Apple patched a vulnerability that was actively exploited by malware actors to bypass the Transparency Consent and Control (TCC) framework, allowing them to take screenshots of infected victims’ computer desktops without having to even trick them into granting permissions first.
TCC bypasses are serious business. Because the TCC system controls which resources and tools that various applications can gain access to, this particular bypass could have allowed the adversaries to engage in a variety of malicious behaviors beyond just screenshots, according to researchers from Jamf who discovered the flaw.
“Some of our tests showed that the same exploit could be used to bypass prompts that are supposed to display when an application accesses the microphone and webcam, as well as applications that are supposed to display prompts when attempting to access a user’s personal files and folders,” said Jaron Bradley, manager, MacOS detections, in an email interview with SC Media.
"This means that, for example, an actor could create ransomware taking advantage of this bypass and encrypt protected system files and folders without user knowledge," added Erika Noerenberg, senior threat intelligence analyst at Malwarebytes. "This potential and the wide range of access it permits makes this bypass alarming."
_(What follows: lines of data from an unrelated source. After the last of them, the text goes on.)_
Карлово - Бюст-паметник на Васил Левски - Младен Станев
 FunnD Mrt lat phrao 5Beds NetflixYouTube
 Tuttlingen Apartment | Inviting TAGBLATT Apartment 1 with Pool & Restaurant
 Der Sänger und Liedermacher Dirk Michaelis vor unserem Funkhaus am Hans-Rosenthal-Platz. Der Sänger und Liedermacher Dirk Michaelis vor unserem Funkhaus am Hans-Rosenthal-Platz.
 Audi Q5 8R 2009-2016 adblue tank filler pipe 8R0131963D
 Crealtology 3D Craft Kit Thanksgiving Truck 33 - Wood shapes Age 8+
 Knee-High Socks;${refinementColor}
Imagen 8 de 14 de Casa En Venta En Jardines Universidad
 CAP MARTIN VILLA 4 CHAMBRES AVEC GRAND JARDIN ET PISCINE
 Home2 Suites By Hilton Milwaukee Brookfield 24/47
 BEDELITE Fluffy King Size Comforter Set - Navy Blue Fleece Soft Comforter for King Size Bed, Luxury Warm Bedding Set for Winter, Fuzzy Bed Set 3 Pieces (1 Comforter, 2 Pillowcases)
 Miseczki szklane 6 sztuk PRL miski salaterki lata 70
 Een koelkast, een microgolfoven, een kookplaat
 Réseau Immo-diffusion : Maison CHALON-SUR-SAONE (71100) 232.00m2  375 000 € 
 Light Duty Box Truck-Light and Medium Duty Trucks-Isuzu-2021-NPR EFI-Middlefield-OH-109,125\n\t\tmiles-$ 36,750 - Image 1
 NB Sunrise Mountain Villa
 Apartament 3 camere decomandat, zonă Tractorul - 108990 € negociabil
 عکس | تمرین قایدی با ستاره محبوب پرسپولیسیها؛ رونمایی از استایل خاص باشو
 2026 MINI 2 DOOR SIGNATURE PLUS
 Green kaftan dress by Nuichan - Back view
Leveraged by a malware program known as XCSSET, the zero-day exploit in question could even allow an attacker to gain Full Disk Access, a Jamf blog post warned this week.
"The malicious software only needs to run the privileged command from within an app that already has those permissions granted in order to inherit them and gain the functionality, e.g., Zoom," Noerenberg continued. "Aside from the access mentioned already, there are many other services and properties that fall under the purview of TCC. Malware could use this bypass to access a user's contacts, calendar, photos or even log keystrokes without [an] alert."
Fortunately, it appears the malware attackers limited use of the exploit to just screenshots, although "new findings are always possible,” said Bradley.
Apple on Monday released an update for MacOS Big Sur that included a patch for the TCC vulnerability, which has been designated CVE-2021-30713. “A malicious application may be able to bypass Privacy preferences,” reads an Apple support webpage, which notes that the issue was addressed through improved validation. “Apple is aware of a report that this issue may have been actively exploited,” the page also notes.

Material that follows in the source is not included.